W takich sytuacjach w żadnym wypadku nie należy ustępować dziecku, a tym bardziej przepraszać za popełniony przez nie błąd. Po pierwsze dziewczynka skłamała, twierdząc, że to nie ona przyniosła do domu zabawki. Po drugie, mama wykazała się pewną niekonsekwencją – najpierw użyła ostrego słowa „kradzież”, które z pewnością do dziecka nie dotarło, a następnie sama poszła przeprosić za zachowanie córki. To duży błąd. Psychologowie radzą, aby w takich sytuacjach przede wszystkim być konsekwentnym i dopilnować, aby dziecko zrozumiało, że zrobiło źle i przeprosiło.
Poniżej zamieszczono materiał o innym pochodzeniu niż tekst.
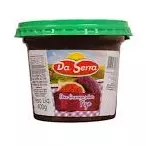 DOCE DA SERRA FIGO 300G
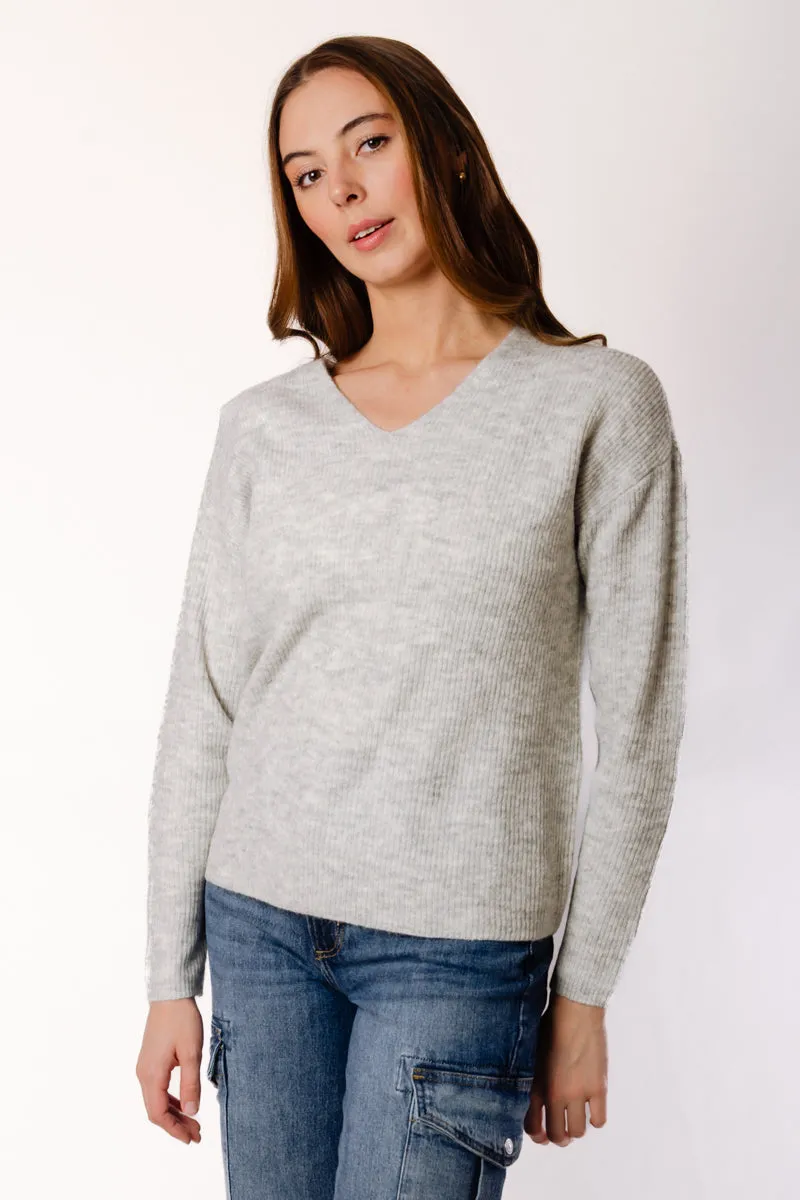 Camilla Sweater sold by Below the Belt product image thumbnail 2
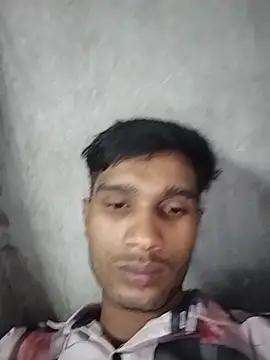 collboy8166 webcam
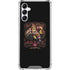 Liquid Blue NFL San Francisco 49ers Running Back Gabb Phone 4 Clear Case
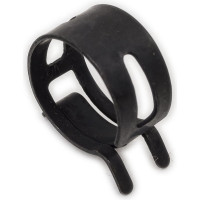 Пружинный хомут MGF 17 мм 1-7-1-17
Nie należy natomiast nazywać malucha złodziejem, bo na to nie zasłużył, a raczej próbować odwołać się do uczuć dziecka, starać się wykształcić w nim empatyczne umiejętności. Trzeba wytłumaczyć maluchowi, że zabieranie rzeczy, które do nas nie należą, ze sklepu, z domu znajomych, a nawet z domu babci, jest złe i dorośli są za to surowo karani. Warto również przedstawić dziecku odwrotną sytuację mówiąc – „Czy tobie nie byłoby przykro, gdyby ktoś zabrał ci
zabawki i już ci ich nie oddał?” Jeśli maluch uświadomił sobie, że zrobił źle i panicznie boi się iść do sąsiadów i oddać „pożyczone” rzeczy, bądź dla niego wsparciem i nie pozwól, aby pomyślał, że się od niego odsunęłaś i jest z tak trudnym zadaniem pozostawiony samemu sobie. Zadzwoń do drzwi sąsiadów, złap dziecko za rękę i zacznij za niego – „Weronika chciała coś powiedzieć...”. Będzie to dla dziecka nieoceniona pomoc.
Takich i podobnych sytuacji jest całe mnóstwo – malowanie ścian flamastrem w salonie u znajomych, opowiadanie ze szczegółami o zjawiskach fizjologicznych, które w świecie dorosłych uchodzą za zbyt osobiste, aby dzielić się spostrzeżeniami na ich temat z innymi, komentowanie wyglądu innych („mamo, ale ta pani jest brzydka”, "mamo, ale to jedzenie cioci jest niedobre, nie będę tego jeść!"”, „mamo, pupa mnie swędzi, kiedy te robaki sobie pójdą z mojej pupy?”) – na wszystko to musimy nauczyć się odpowiednio reagować i przede wszystkim nie przesadzać i nie reagować agresywnie, nawet gdy maluch popełnia gafę za gafą, a tobie uszy robią się czerwone ze wstydu. Trudna sztuka panowania nad emocjami w takich sytuacjach okazuje się bardzo przydatna. Postaraj się też uzbroić w cierpliwość - dzieci do siódmego, a nawet ósmego czy dziewiątego roku życia, cały czas popełniają gafy i na jednej z pewnością się nie skończy. Zanim skarcisz dziecko, przypomnij sobie, że ty też takie gafy nie raz popełniałaś.